[Problem to solve] Please give every line below again exactly, but not its pictures.

[Excerpts from a dataset]
····················

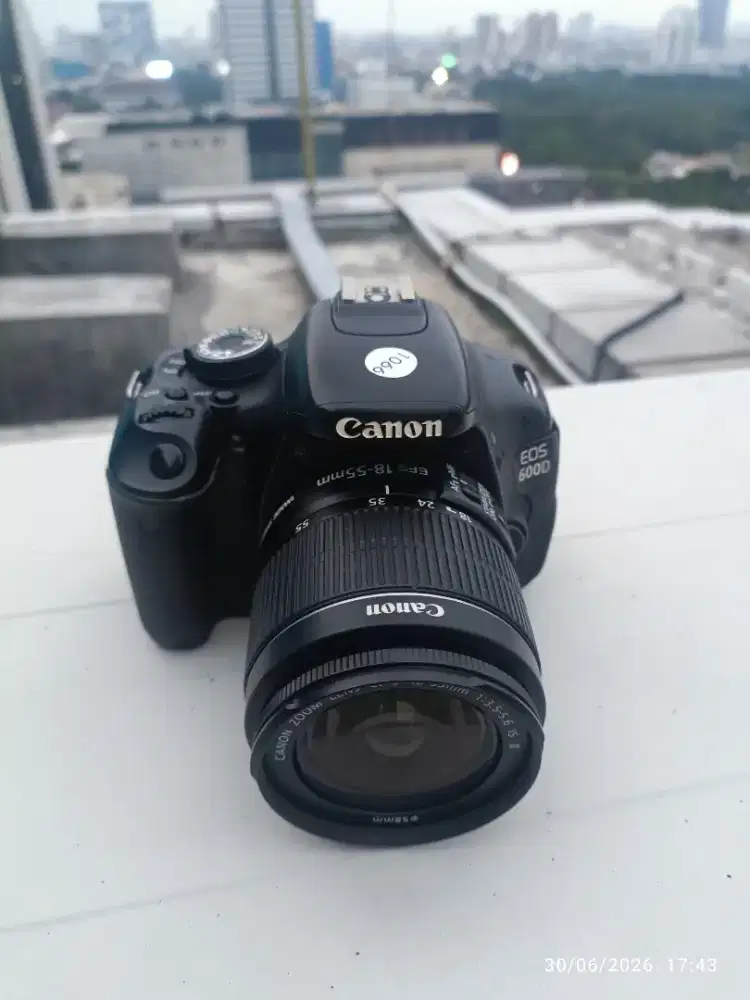 Kamera Canon 600D layar gak vignet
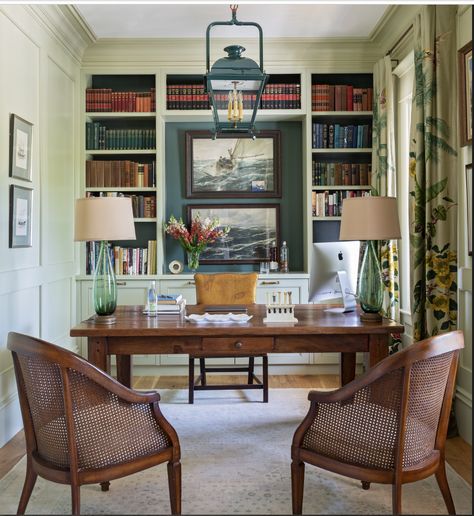 Traditional Home Office, Traditional Office, Casa Vintage, Classic House, Home Office Design, Front Room, Home Staging, Decoration Design, Traditional House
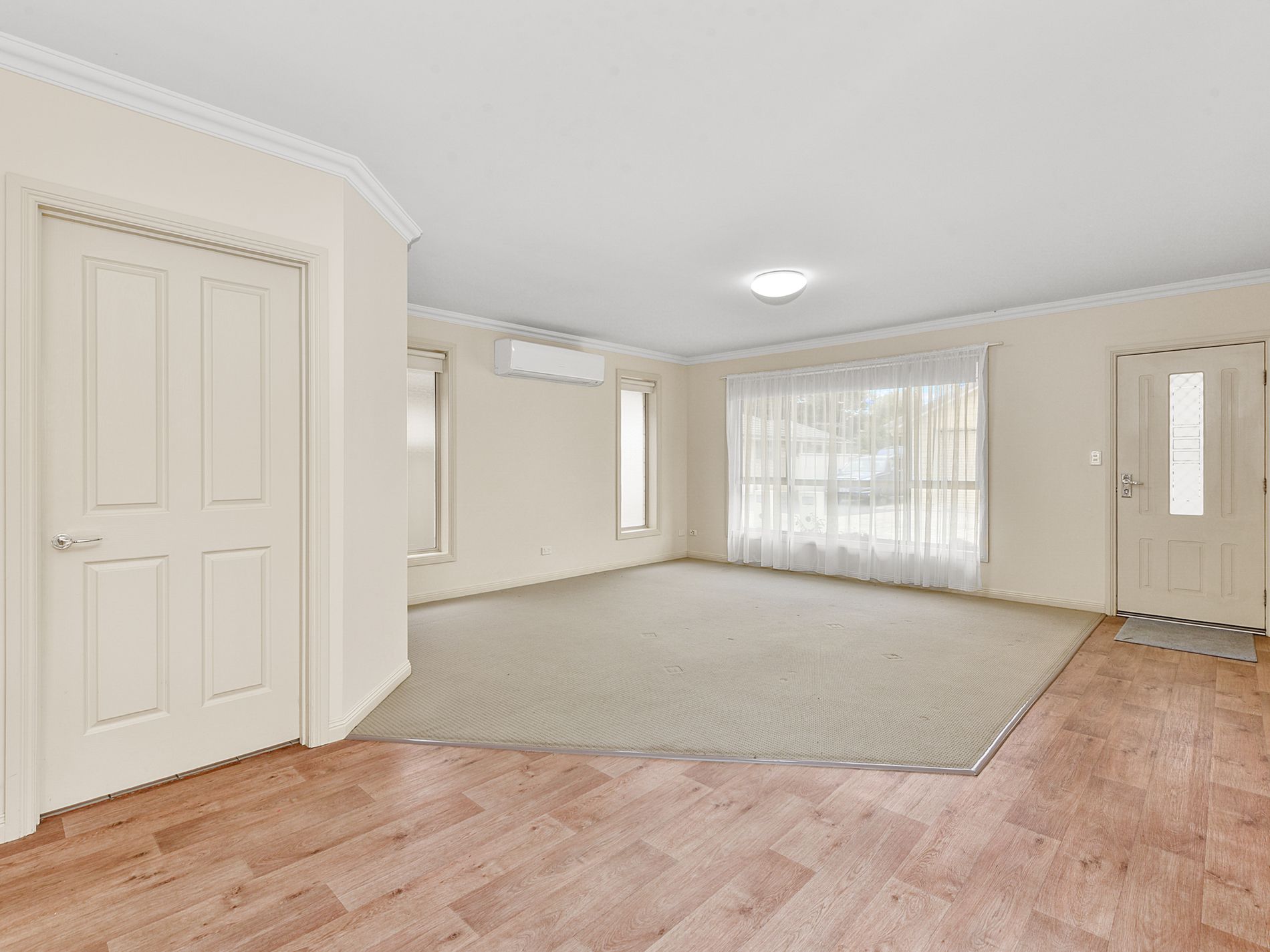 8 / 58 Williams Road , Millicent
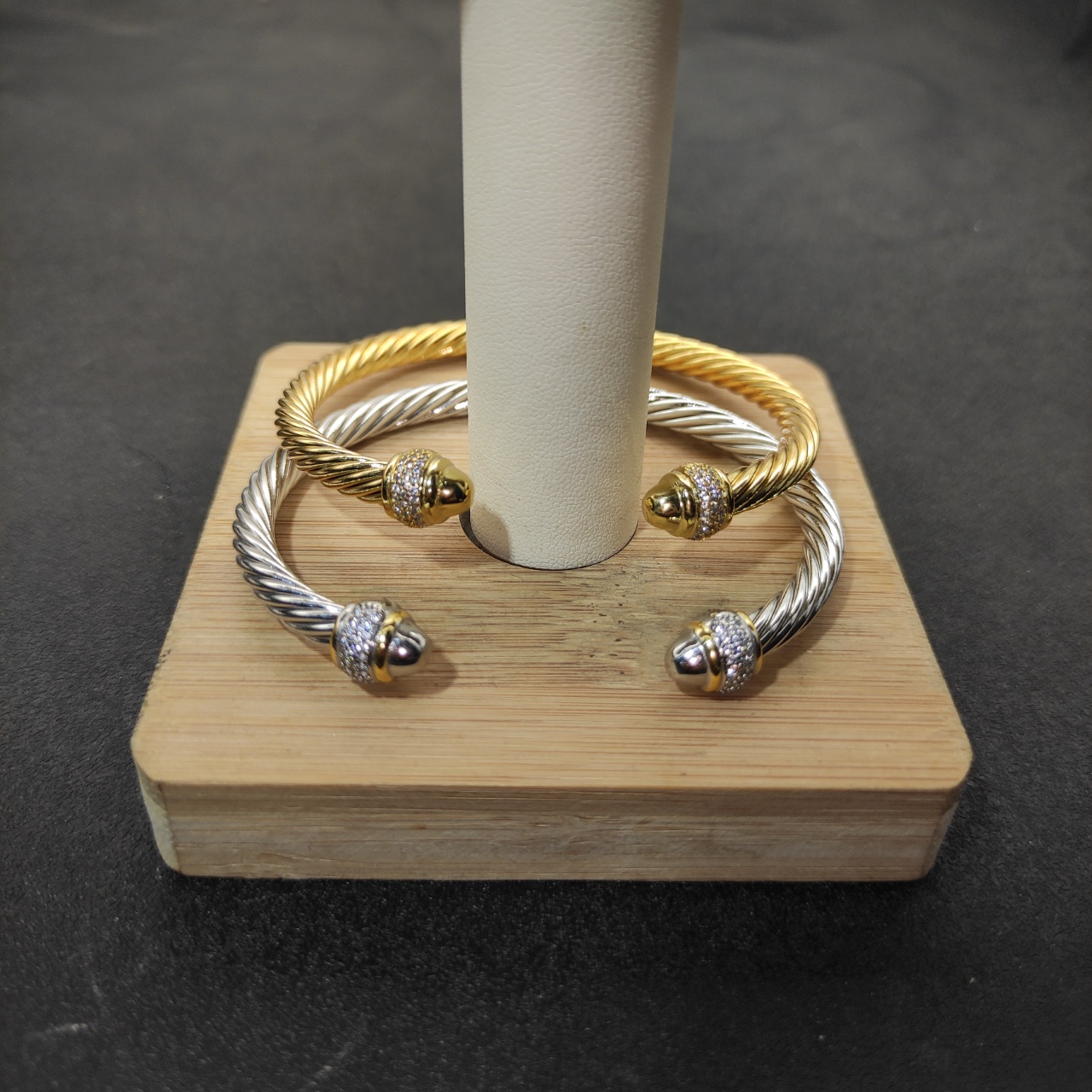 NO:108372,New David Yurman 5mm full diamond round head bracelet. It comes in two colors and gold. It is recommended to wear a hand circumference of 16-20, jewelry quality, bracelet19860909上新 David Yurman 5mm满钻圆头手镯.有分色和金色两款.建议适合佩戴的手围16-20,饰品精品,bracelet,Jewelry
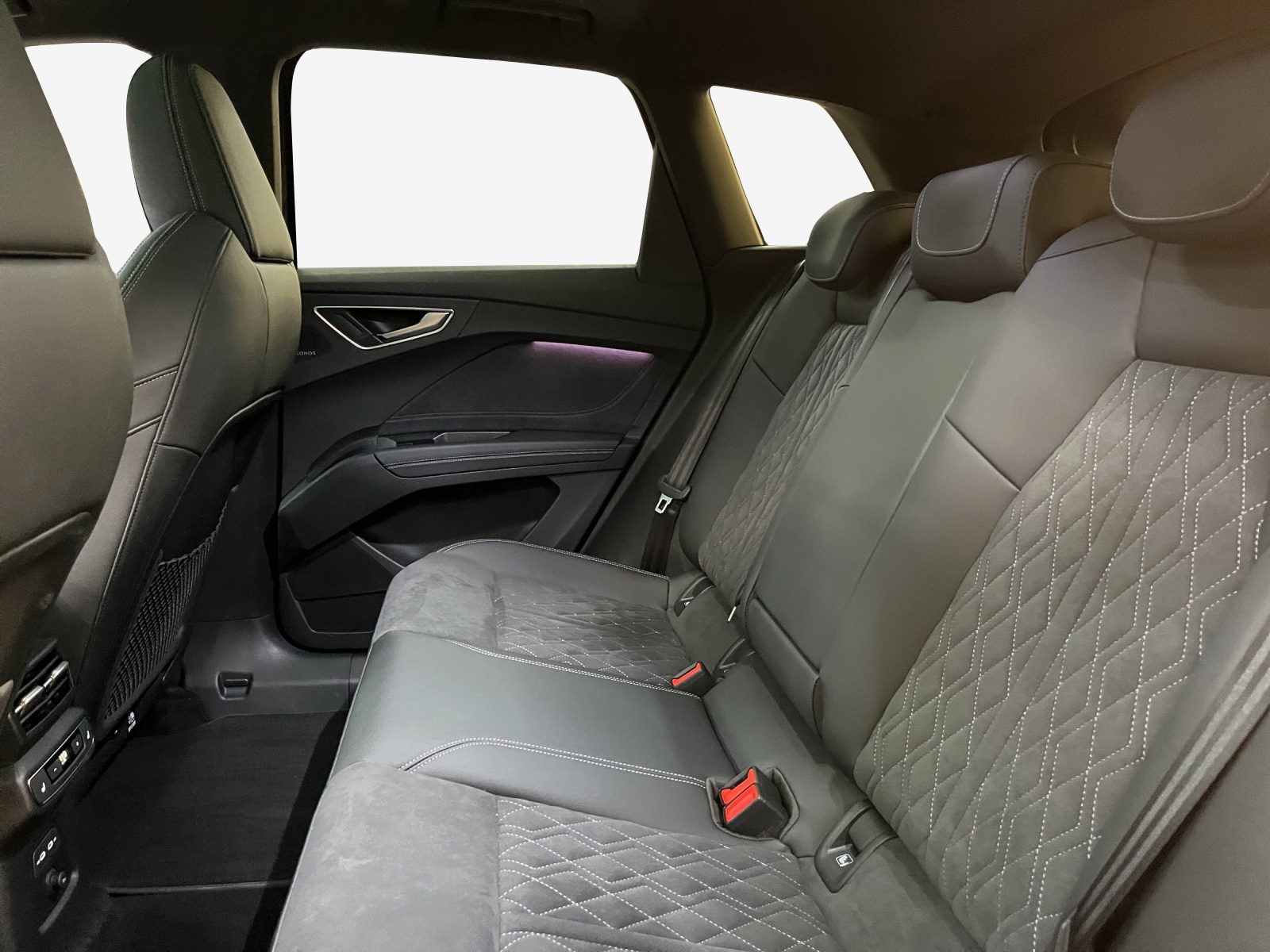 AUDI Q4 e-tron SUV quattro performance Swiss Ski-image-11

····················

[Response]
 Kamera Canon 600D layar gak vignet
 Traditional Home Office, Traditional Office, Casa Vintage, Classic House, Home Office Design, Front Room, Home Staging, Decoration Design, Traditional House
 8 / 58 Williams Road , Millicent
 NO:108372,New David Yurman 5mm full diamond round head bracelet. It comes in two colors and gold. It is recommended to wear a hand circumference of 16-20, jewelry quality, bracelet19860909上新 David Yurman 5mm满钻圆头手镯.有分色和金色两款.建议适合佩戴的手围16-20,饰品精品,bracelet,Jewelry
 AUDI Q4 e-tron SUV quattro performance Swiss Ski-image-11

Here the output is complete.